While many civilized people even at the time were disgusted by the barbarity of the French system, which extracted enormous wealth from Haiti, enough to build many of the beautiful palaces around Paris, Boot sees this era as something of a golden age, disrupted only by the troublesome slave uprisings at the end of the 18th century.
Perpetual War
Similarly, Boot has little sympathy for the Palestinians locked in Gaza. After Israel’s devastating assault in late 2008 and early 2009, which killed an estimated 1,400 Palestinians including many women and children, Boot praised the military operation in language fitting an earlier imperial time, calling the attack “more like a punitive expedition really.”
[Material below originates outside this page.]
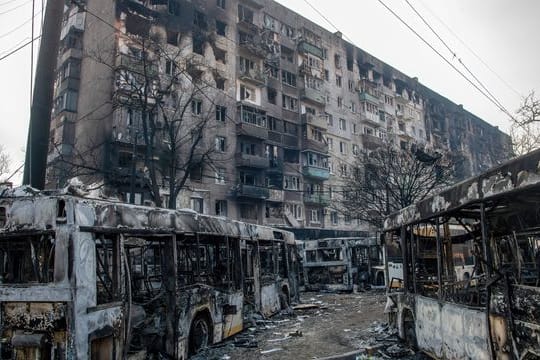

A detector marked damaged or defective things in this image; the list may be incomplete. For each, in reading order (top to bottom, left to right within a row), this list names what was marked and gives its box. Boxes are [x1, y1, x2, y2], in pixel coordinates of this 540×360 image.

In a Weekly Standard article, Boot continued, “It may not have been as satisfying as winning the enemy's unconditional surrender, but the Gaza war nevertheless can be counted as a victory for Israel. A highly limited and attenuated victory, to be sure, but one that nevertheless restored Israelis' self-confidence and Arabs' fear of provoking Israel. …
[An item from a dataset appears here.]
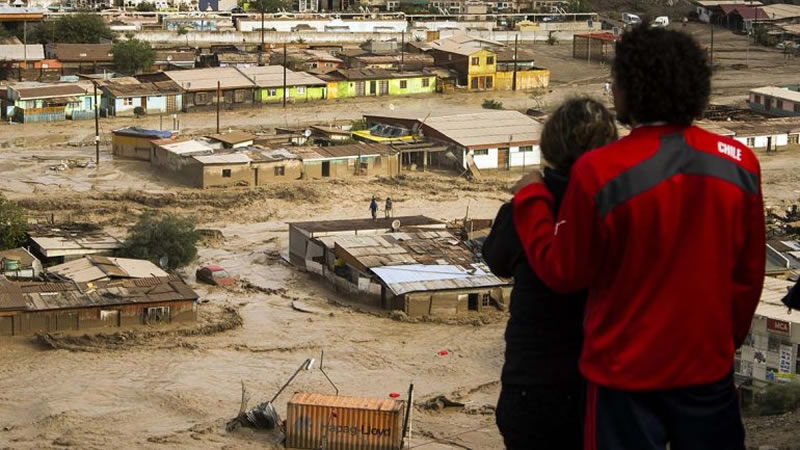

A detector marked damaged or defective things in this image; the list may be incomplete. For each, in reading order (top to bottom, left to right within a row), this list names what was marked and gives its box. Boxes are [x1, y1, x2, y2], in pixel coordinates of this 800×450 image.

damaged house [290, 217, 510, 316]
“Many Israeli officials expressed to us the expectation that after this war Israel's enemies will view it as a ‘crazy animal’ that they cannot afford to bait.”
To Boot, the Mideast peace process is almost not worth discussing. He wrote on Jan. 5, 2008, in the Wall Street Journal that “those who insist on pursuing the ‘peace process,’ notwithstanding the low probability of success, claim that we have no choice. ‘What is the alternative?’ they ask. ‘Perpetual war?’
“Well, yes.”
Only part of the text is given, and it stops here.